__Exercise objective__:
Copy out each line of the listing that has the word "Volkswagen" in it.

===== Extracted material =====

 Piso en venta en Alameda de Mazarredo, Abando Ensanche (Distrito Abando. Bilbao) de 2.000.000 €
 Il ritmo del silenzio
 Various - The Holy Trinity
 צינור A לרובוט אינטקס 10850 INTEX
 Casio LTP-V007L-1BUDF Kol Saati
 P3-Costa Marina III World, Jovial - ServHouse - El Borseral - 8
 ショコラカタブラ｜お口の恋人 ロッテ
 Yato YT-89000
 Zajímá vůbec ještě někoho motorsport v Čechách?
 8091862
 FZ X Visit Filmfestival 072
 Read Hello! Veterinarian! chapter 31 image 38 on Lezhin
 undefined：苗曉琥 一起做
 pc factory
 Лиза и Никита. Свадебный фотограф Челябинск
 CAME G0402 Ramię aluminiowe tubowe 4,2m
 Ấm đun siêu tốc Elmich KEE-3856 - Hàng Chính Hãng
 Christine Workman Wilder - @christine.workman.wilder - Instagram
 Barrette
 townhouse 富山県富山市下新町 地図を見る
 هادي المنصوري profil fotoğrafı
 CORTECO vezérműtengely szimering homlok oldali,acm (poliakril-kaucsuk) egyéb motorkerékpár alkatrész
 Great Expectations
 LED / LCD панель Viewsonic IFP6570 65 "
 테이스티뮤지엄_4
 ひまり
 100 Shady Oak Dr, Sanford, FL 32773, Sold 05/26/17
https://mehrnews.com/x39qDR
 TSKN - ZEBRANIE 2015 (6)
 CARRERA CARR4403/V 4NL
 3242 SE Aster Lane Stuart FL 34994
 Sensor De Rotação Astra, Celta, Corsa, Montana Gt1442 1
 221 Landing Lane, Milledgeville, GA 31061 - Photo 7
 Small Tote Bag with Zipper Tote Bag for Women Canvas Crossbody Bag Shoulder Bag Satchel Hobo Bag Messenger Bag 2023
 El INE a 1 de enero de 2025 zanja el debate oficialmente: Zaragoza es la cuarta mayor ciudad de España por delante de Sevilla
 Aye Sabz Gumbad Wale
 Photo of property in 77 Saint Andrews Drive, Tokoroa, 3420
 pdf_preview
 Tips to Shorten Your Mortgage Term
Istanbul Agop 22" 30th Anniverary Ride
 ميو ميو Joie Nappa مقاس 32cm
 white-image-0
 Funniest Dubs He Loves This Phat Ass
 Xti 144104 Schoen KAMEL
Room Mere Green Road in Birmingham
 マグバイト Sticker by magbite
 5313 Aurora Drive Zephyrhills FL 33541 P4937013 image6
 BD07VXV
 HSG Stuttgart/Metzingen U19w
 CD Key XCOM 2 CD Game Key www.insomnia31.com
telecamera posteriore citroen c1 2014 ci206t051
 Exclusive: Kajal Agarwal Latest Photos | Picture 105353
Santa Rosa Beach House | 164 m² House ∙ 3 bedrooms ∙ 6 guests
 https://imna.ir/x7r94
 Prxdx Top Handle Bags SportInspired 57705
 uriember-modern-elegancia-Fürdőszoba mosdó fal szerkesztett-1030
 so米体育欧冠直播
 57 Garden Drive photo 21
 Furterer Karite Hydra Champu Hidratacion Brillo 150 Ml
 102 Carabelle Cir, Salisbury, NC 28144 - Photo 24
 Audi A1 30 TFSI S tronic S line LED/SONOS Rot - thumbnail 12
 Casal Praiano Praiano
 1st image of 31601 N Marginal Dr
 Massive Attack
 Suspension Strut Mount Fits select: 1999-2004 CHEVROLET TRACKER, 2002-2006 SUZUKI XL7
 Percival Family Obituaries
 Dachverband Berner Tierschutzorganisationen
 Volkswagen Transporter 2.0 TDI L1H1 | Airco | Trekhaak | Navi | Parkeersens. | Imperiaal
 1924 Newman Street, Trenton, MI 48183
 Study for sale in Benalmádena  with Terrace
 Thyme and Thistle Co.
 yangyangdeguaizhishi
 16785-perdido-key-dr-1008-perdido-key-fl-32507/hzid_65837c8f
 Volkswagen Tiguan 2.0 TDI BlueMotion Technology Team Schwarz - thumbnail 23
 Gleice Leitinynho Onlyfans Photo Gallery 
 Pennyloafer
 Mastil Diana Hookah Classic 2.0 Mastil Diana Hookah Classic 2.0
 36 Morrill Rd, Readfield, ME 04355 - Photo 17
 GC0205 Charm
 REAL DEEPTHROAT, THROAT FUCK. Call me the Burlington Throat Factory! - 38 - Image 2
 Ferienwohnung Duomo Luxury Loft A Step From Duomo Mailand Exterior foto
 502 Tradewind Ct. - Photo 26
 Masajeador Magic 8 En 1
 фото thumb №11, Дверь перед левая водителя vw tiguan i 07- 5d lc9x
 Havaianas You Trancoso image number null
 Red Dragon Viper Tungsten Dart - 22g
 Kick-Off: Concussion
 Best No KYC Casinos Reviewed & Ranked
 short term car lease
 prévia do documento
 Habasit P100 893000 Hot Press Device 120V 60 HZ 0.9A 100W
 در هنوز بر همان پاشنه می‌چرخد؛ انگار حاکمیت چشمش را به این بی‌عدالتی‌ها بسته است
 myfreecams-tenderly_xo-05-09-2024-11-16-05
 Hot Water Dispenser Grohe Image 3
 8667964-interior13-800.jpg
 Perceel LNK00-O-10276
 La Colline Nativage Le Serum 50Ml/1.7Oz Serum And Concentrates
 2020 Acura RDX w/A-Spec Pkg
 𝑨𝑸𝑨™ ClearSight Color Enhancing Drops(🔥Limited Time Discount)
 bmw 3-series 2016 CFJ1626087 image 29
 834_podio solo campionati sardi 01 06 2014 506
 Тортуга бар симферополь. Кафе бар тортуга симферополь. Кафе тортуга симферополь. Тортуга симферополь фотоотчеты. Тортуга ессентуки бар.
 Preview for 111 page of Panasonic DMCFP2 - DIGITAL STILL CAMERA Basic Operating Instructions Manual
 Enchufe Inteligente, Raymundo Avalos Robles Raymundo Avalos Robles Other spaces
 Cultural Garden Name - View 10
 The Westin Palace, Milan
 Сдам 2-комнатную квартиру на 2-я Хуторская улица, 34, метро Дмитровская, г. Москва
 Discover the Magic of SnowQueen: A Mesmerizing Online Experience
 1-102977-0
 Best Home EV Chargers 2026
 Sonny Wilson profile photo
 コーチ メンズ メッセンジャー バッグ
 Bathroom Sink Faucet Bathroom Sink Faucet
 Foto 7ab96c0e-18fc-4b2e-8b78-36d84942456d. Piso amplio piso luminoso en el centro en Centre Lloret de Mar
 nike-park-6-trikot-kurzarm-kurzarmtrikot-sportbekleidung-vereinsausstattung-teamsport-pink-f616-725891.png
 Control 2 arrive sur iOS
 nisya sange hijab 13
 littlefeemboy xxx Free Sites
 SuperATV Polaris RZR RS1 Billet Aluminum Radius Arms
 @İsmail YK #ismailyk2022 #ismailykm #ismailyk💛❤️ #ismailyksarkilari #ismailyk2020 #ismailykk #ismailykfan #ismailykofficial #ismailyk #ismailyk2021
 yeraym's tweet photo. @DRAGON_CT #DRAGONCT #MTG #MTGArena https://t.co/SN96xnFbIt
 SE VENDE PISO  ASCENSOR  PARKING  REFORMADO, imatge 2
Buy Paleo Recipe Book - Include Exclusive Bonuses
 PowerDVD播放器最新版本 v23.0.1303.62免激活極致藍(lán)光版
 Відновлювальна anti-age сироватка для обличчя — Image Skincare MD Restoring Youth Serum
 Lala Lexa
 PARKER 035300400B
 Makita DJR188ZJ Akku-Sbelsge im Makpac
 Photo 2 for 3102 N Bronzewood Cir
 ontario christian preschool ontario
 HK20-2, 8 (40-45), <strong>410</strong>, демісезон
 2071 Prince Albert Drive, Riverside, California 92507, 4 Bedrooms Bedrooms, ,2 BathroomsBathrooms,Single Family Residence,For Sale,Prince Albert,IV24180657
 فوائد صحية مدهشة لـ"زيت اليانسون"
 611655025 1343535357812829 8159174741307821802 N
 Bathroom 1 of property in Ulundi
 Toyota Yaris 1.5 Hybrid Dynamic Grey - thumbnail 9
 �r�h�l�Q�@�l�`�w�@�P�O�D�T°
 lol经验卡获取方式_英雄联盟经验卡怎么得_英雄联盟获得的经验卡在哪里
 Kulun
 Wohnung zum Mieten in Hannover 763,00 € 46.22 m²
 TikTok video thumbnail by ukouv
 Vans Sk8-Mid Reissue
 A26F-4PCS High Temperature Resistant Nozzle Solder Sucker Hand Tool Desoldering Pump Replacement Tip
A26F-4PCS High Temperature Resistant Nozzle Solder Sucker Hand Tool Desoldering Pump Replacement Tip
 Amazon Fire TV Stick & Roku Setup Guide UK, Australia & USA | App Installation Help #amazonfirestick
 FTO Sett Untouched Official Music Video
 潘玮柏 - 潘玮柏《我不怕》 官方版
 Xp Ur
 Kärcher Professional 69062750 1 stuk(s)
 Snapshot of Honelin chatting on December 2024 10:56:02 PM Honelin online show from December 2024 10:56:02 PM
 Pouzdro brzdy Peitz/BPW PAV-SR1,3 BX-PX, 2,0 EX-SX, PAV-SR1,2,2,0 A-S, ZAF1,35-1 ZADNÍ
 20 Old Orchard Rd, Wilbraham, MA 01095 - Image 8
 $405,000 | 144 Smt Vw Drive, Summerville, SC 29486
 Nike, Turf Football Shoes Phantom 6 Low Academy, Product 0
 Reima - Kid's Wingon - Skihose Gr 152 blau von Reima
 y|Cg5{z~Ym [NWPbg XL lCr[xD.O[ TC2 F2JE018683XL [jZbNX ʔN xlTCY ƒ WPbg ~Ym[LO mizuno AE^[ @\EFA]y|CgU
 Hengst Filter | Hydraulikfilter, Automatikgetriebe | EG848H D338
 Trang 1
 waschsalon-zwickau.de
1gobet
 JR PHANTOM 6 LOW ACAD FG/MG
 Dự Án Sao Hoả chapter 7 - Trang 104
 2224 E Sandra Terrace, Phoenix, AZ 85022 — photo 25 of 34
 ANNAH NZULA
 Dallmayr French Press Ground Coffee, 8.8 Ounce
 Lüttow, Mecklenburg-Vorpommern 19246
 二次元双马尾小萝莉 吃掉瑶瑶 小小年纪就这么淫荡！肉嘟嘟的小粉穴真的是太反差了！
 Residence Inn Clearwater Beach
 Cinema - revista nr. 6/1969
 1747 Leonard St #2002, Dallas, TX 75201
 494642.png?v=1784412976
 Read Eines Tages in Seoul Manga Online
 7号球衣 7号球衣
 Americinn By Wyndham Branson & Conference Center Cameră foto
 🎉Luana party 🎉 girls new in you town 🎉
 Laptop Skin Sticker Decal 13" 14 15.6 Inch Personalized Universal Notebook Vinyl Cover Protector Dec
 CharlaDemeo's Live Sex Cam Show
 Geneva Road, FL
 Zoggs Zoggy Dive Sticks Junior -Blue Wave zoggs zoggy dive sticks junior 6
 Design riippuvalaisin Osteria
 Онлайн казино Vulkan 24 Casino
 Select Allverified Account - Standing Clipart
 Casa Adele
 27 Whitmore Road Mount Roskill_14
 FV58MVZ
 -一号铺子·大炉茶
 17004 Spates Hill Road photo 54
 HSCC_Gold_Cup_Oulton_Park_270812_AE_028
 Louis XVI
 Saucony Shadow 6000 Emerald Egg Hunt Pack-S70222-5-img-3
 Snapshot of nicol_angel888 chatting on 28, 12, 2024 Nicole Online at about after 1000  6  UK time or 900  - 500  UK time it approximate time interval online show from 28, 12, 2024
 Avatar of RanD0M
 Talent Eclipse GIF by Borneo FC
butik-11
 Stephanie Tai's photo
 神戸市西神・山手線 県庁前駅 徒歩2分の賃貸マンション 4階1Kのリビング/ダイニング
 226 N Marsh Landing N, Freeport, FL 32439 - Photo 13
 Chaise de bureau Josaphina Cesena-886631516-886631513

=====

__Your response__:
 Volkswagen Transporter 2.0 TDI L1H1 | Airco | Trekhaak | Navi | Parkeersens. | Imperiaal
 Volkswagen Tiguan 2.0 TDI BlueMotion Technology Team Schwarz - thumbnail 23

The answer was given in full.